TRY IT:
Please reproduce exactly, and only, the lines from the one with "epidermis akar 1.png" through the last line of the listing below, both ends included, leaving out the pictures.

SUPPLIED DATA:
*** Begin section ***
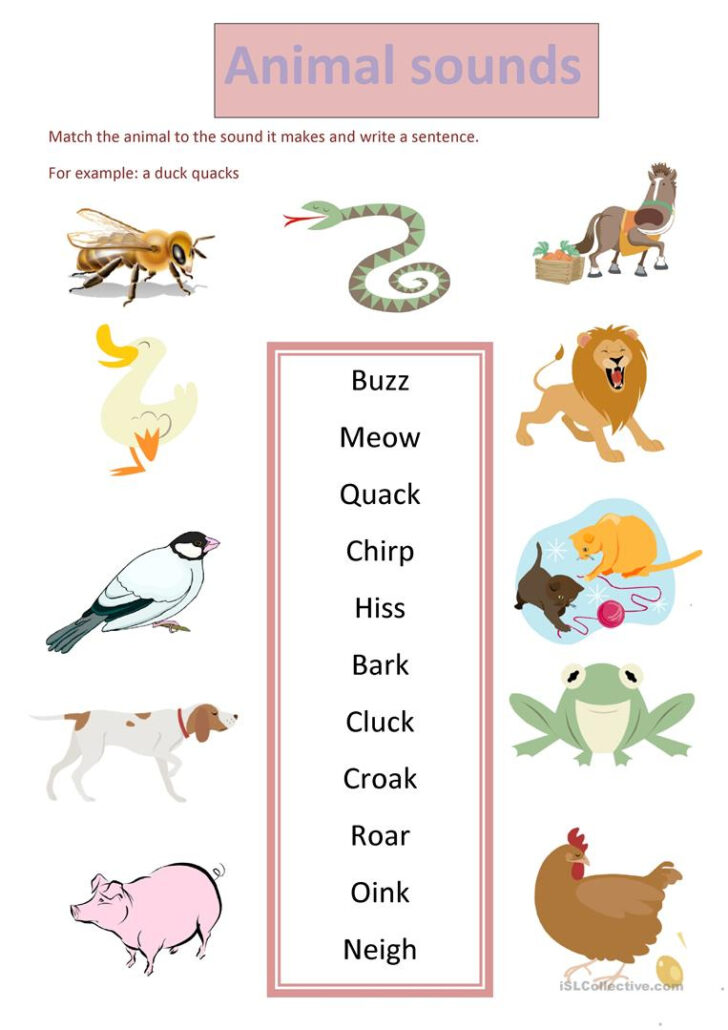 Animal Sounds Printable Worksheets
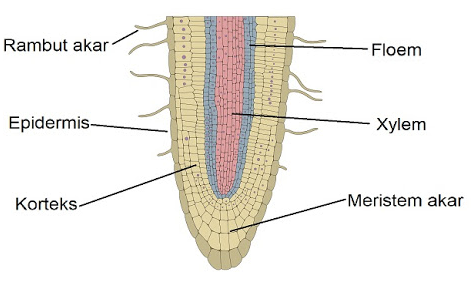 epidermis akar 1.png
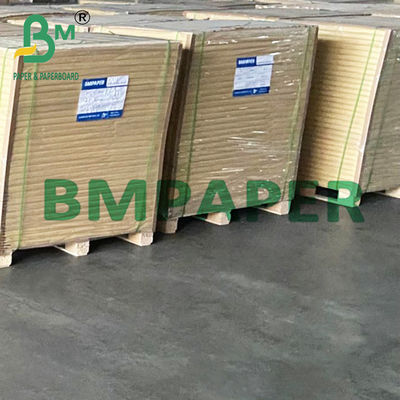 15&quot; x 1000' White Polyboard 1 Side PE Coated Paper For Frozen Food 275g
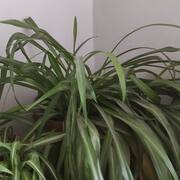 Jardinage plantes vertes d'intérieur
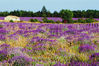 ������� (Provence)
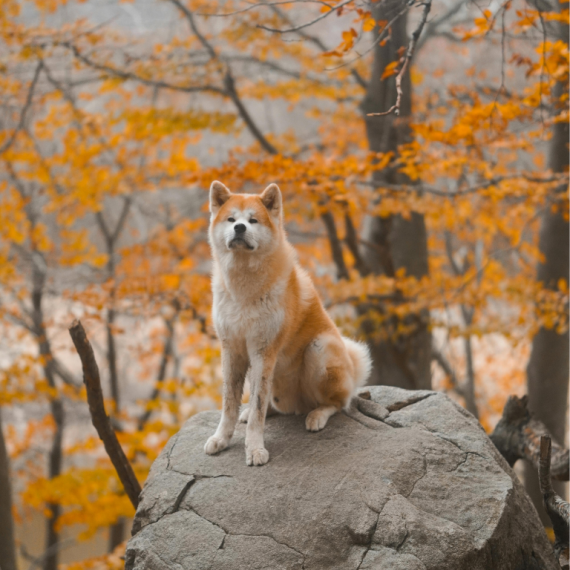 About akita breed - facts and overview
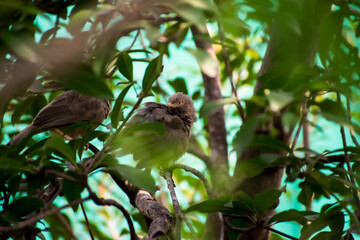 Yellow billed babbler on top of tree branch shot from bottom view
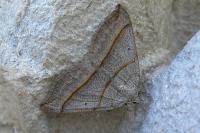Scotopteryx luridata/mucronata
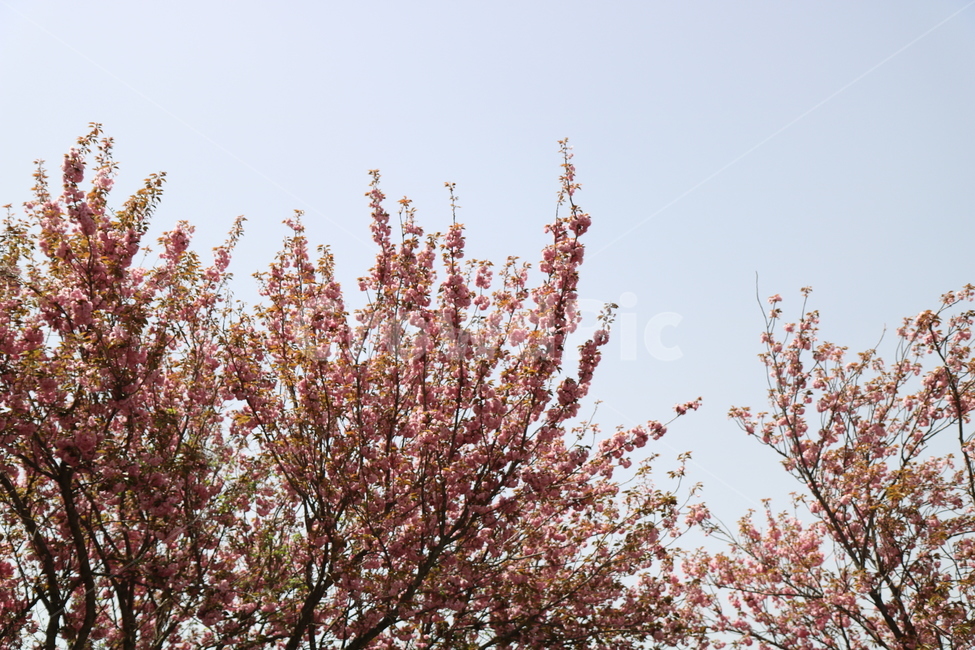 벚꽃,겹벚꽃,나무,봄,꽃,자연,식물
*** End section ***
RESULT FOR THIS TASK:
 epidermis akar 1.png
 15&quot; x 1000' White Polyboard 1 Side PE Coated Paper For Frozen Food 275g
 Jardinage plantes vertes d'intérieur
 ������� (Provence)
 About akita breed - facts and overview
 Yellow billed babbler on top of tree branch shot from bottom view
Scotopteryx luridata/mucronata
 벚꽃,겹벚꽃,나무,봄,꽃,자연,식물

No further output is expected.